Data section:

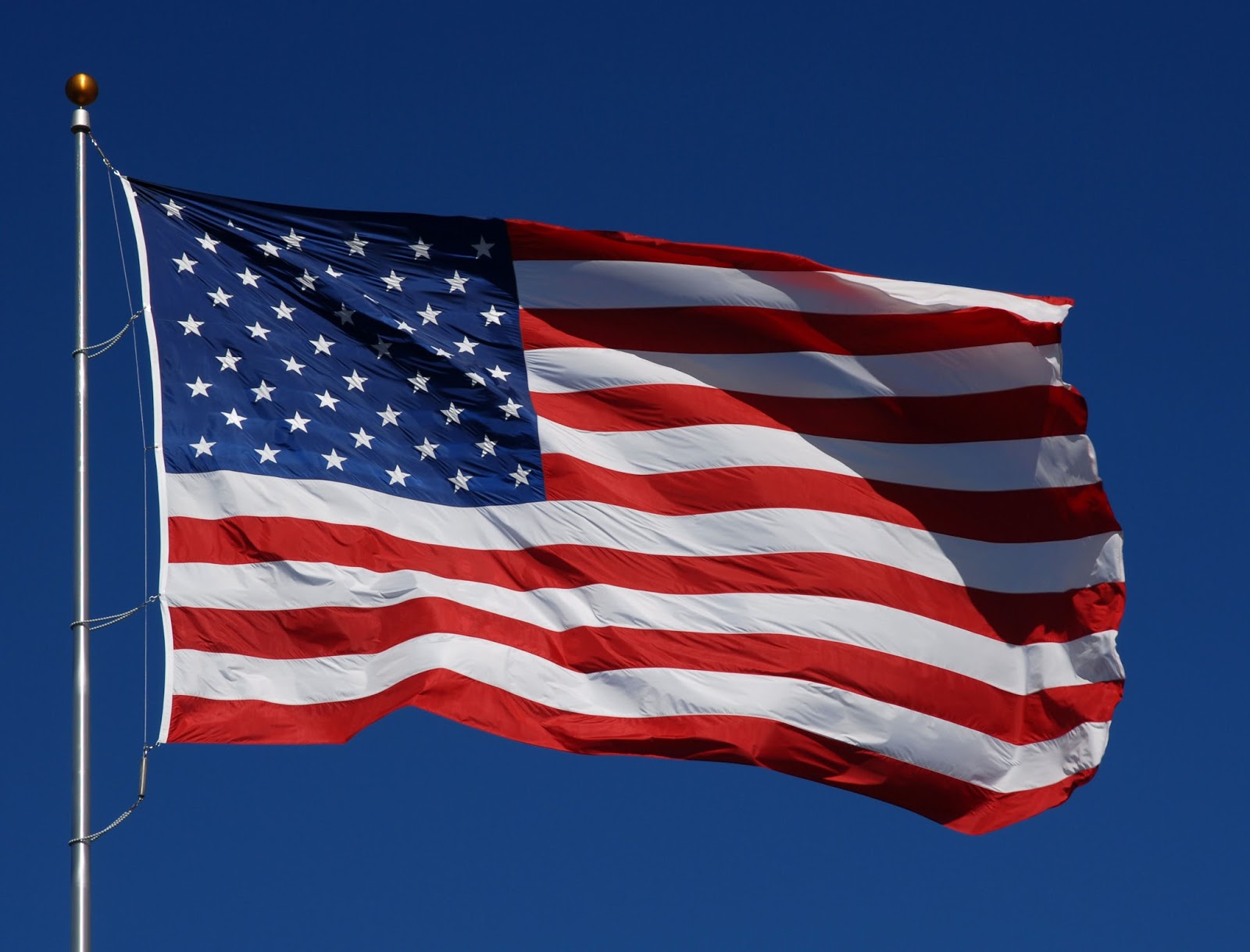 Old American Flag Wallpapers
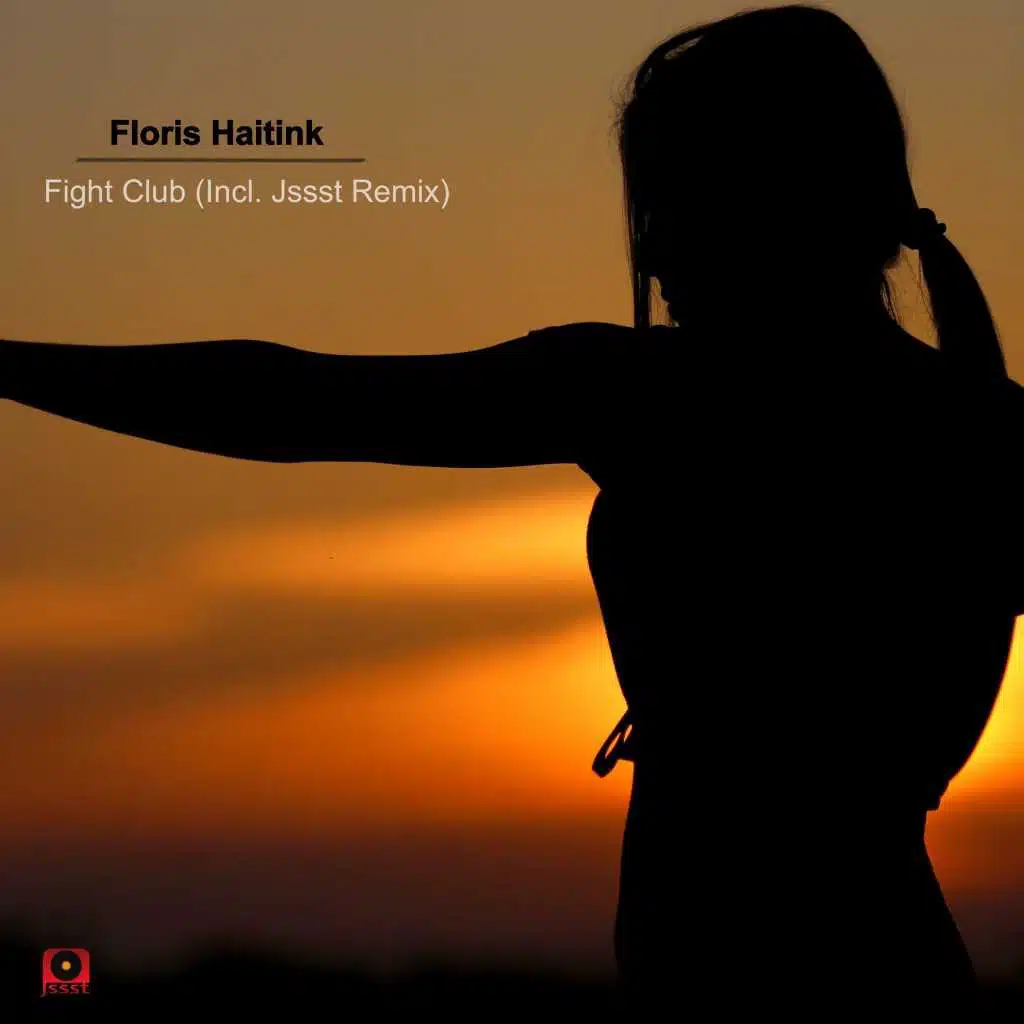 Fight Club (Jssst Remix)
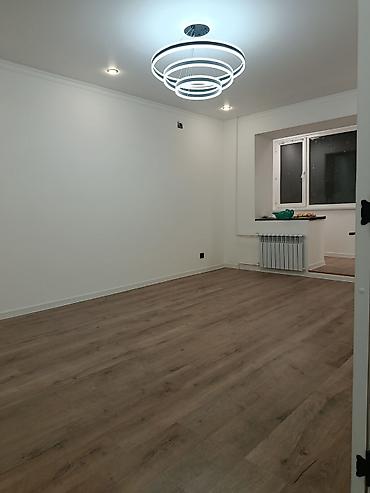 кубик геологов: 4 комнаты, 90 м², Золотой квадрат Индивидуалка, 2 этаж, Свежий ремонт — 6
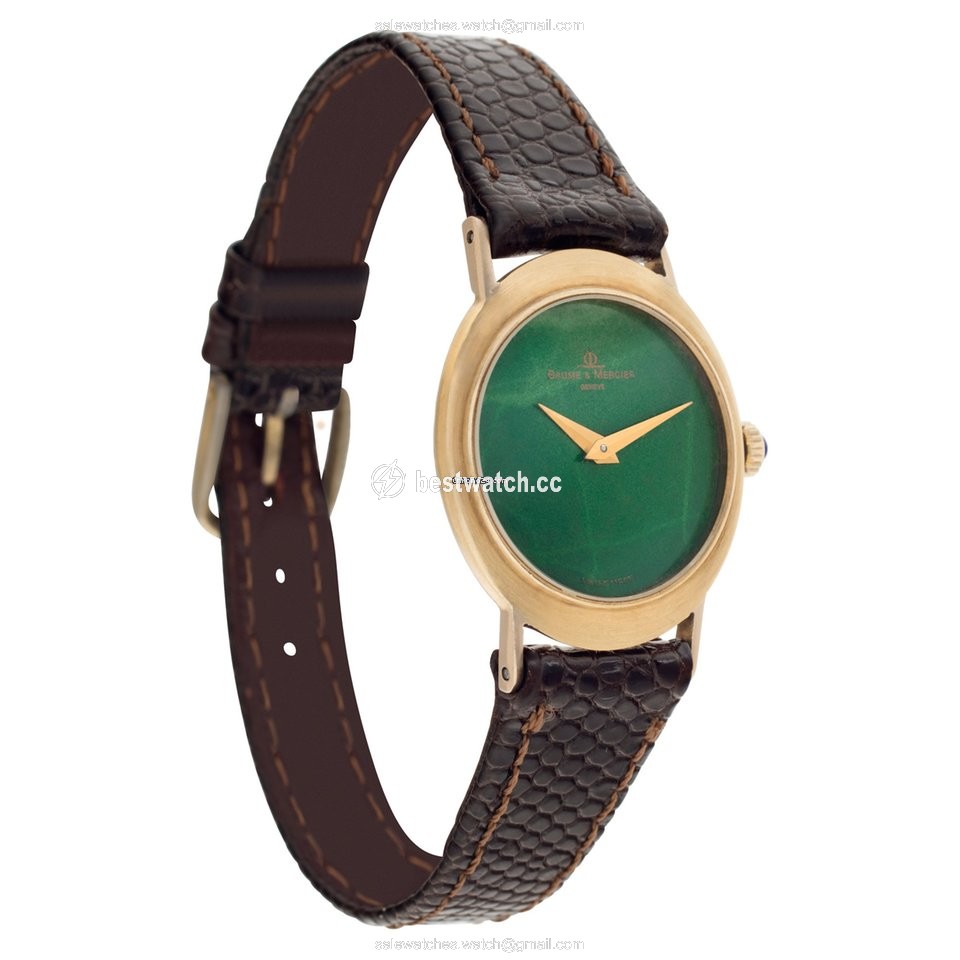 Baume & Mercier Quartz 374452 3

What you need to do: Dropping every picture, restate the material word for word.

Result below:
 Old American Flag Wallpapers
 Fight Club (Jssst Remix)
 кубик геологов: 4 комнаты, 90 м², Золотой квадрат Индивидуалка, 2 этаж, Свежий ремонт — 6
 Baume & Mercier Quartz 374452 3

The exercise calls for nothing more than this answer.